Wall Street Berakhir “Mixed”

foto: istimewa

Pasardana.id - Wall Street berakhir mixed pada Senin (13/4/2020) setelah pelemahan indeks Dow Jones Industrial Average dan S&P 500 di Bursa Efek New York, Amerika Serikat, dibarengi penguatan indeks komposit Nasdaq.

Seperti dilansir Reuters, indeks Dow Jones merosot 328,6 poin, atau sekitar 1,39 persen, menjadi 23.390,77. Indeks S&P 500 turun 28,19 poin, atau sekitar 1,01 persen, menjadi 2.761,63. Indeks komposit Nasdaq meningkat 38,85 poin, atau sekitar 0,48 persen, menjadi 8.192,43.

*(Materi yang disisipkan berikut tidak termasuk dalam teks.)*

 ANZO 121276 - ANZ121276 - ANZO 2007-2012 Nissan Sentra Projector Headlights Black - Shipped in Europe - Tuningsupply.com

Indeks perbankan S&P 500 terjun 4,1 persen setelah JPMorgan Chase & Co dan Wells Fargo & Co diperkirakan akan mengumumkan kinerja yang kurang baik untuk tahun ini sebagai dampak penyebaran virus Corona (COVID-19) dalam laporan yang dirilis Selasa (14/4/2020).

Indeks komposit Nasdaq memperpanjang penguatan menjadi tiga sesi beruntun setelah saham perusahaan e-commerce Amazon.com melambung 6,2 persen usai menyatakan akan merekrut 75.000 karyawan seiring meroketnya pesanan di tengah berlangsungnya pandemi.

Volume perdagangan tipis karena para trader di Benua Eropa masih menikmati libur Paskah.

Harga emas berjangka di COMEX New York Mercantile Exchange naik seiring melemahnya nilai tukar dolar AS. Harga emas untuk pengiriman Juni 2020 naik US$8,6, atau sekitar 0,49 persen, menjadi US$1.761,4 per ons. Indeks dolar AS turun 0,13 persen menjadi 99,39.

Nilai tukar pound sterling terhadap dolar AS berada di kisaran US$1,2529 per pound. Sedangkan nilai tukar euro terhadap dolar AS berada di kisaran US$1,0922 per euro.